Camping with the ratio of one parent to two kids requires planning. Thinking about the aforementioned safety concern; booking months ahead to secure a site; acquiring the time off from work; deciding what meals to shop for and prepare in advance; determining what items you need to set up a comfortable camp and cook outdoors; and purchasing or borrowing said items all falls to you. A lovely camping holiday does not just pop-up from a trailer. It takes work.
Even with the most careful planning and prepacking, in all likelihood, you will forget something. In the past, we’ve camped with friends and they’ve rounded out our kitchen setup. Without them, this year our campsite lacked cereal bowls and a sharp knife.
From necessity springs ingenuity. My daughter enjoyed her cereal out of a tall, plastic cup. My son devoured his Mini-Wheats from a small metal mixing bowl. Once rinsed, I had my choice.
The standards of domestic diva Martha Stewart really don’t jive with camping. Let go your ideas of perfection.
Between the shopping and packing, expect that camping will typically take one full day of preparation before departure and one full day of clean-up at the tail end. Camping is work. Fun work, albeit work.
If you’re not up for it, don’t sweat it. Stay-cations can be funtastic. Or if you have the means, all-inclusive by all means! Don’t judge yourself harshly if camping is not your thing or seems too overwhelming. There are many opportunities for kids to experience camping with school trips, scouting/guiding organizations, and summer camps.
I did not camp with my family growing up. I developed a love for nature and the outdoors as a young adult.
I will never forget overhearing my ex-husband coach a colleague for a first-time camping trip. “Make sure to bring a comfortable camping chair and your favorite beverage. A chair and beer, that’s what you need.”
Car camping enables more comfort than backpacking. Enjoy it. Take your pillow. Pack a cot or an air mattress. Anything goes—if it fits in the car (or the rocket-box or the trailer).
For camping meals, make ease your number one priority. Order extra take out the week before and freeze it. Make a double portion of chili, soup or stew and freeze it. There’s nothing wrong with hot dogs or multiple nights of Kraft Dinner or pasta with jarred sauce. Easy peasy is the way to go.
The Lakeside Campground at Hotel Lake has become my happy place for camping. Each site has a water spigot, an outlet and a picnic table. They have a communal freezer, indoor washrooms and private showers.
Lowbrow glamping, set in a scene reminiscent of the 1980’s movie Dirty Dancing, it’s fun, relatively easy and comfortable. This year, an electric tea kettle was a welcome addition to our site. Luxurious to have that first cup of tea ready without having to ignite the stove!
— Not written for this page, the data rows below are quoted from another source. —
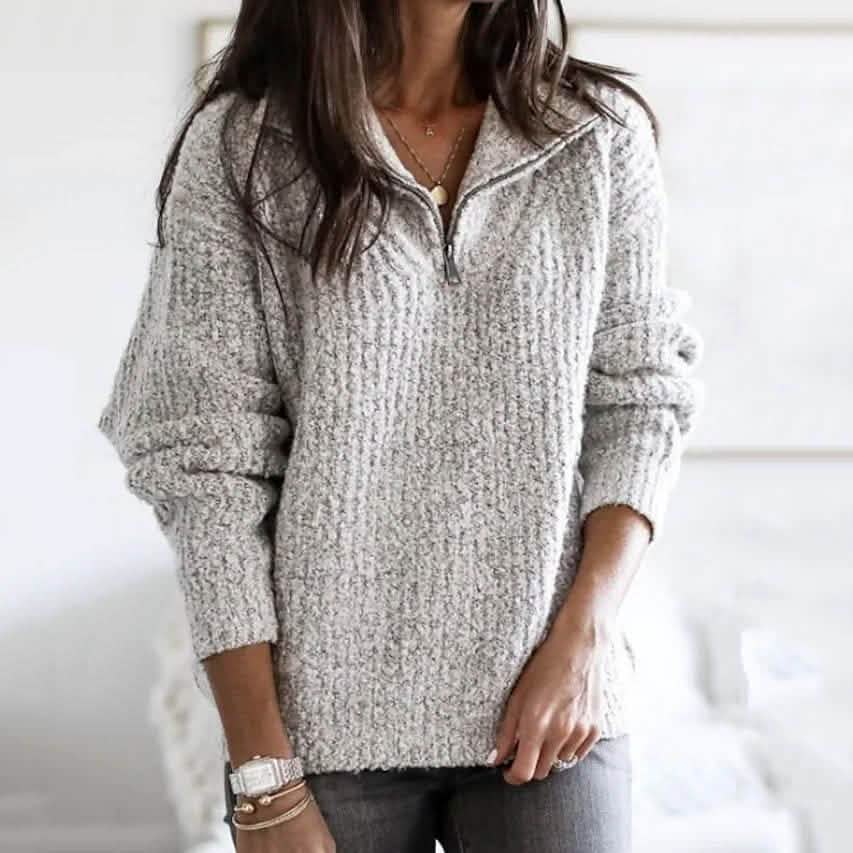 Damen Pullover Reißverschluss Einfarbig Basic Lässig Langarm Strickjacke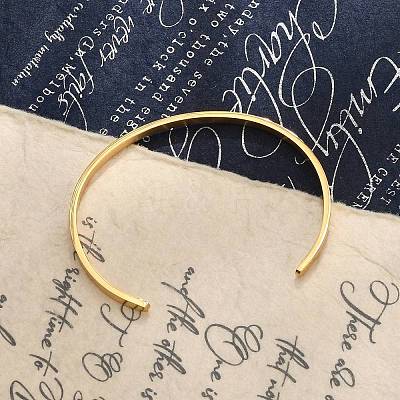 Ion Plating(IP) 304 Stainless Steel Cuff Bangles LS-BJEW-K173-02G-1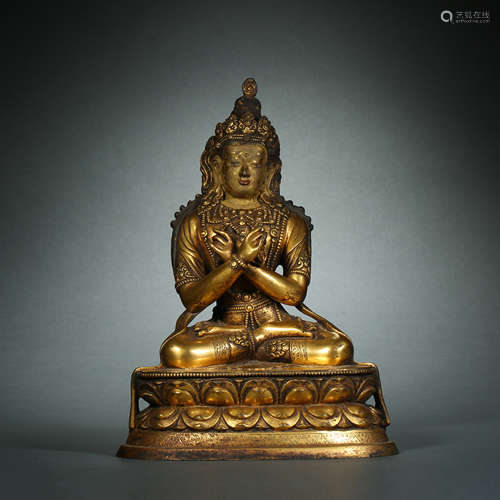 Qing Dynasty,Bronze Gilt Vajra Always Holds Buddhisattva Sta...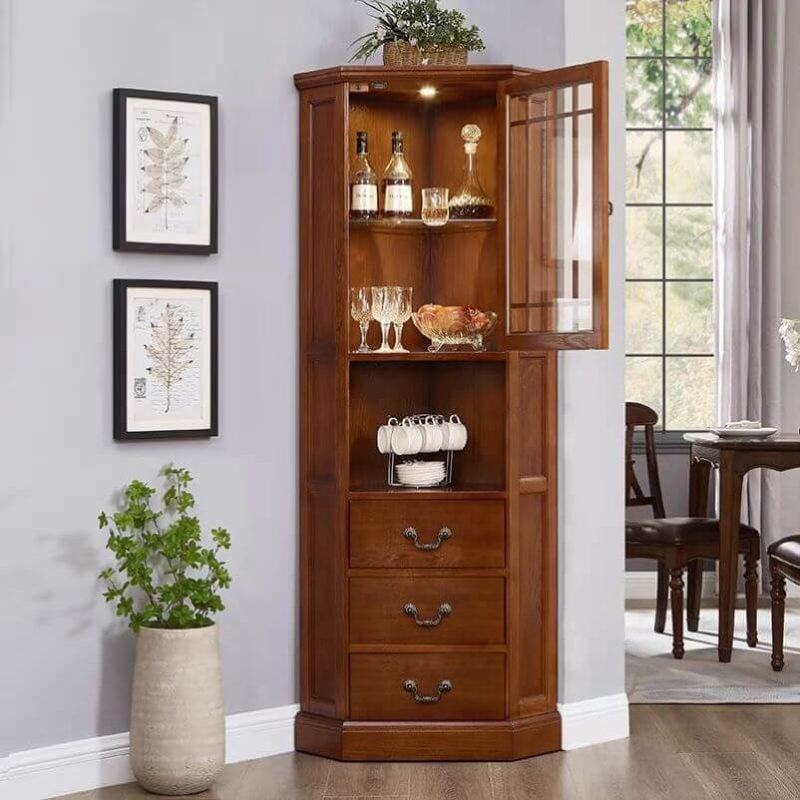 "Traditional Accent Cabinet with Light for Living Room, 20"L x 20"W x 71"H, Drawers Included"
Do the math. One parent, two kids—you’re outnumbered. Face the fact that you will likely be the playmate to one or the referee between the two. Perhaps your kids will meet some new friends at the campsite. That’s a welcome bonus of a populated family campground. Or if you’re comfortable with the additional responsibility of tending to another person’s child, inviting a friend can make all the difference to everyone getting along. Or even better if you have an adult friend with kids, ask them to join you. Two grown-ups can manage a campsite and kids better than one.
Make fun a priority. This year, I splurged and bought a $35 inflatable boat with paddles to tour the lake. Bring rafts and special treats for the kids. Mine love Oreos, Lara bars and s’mores.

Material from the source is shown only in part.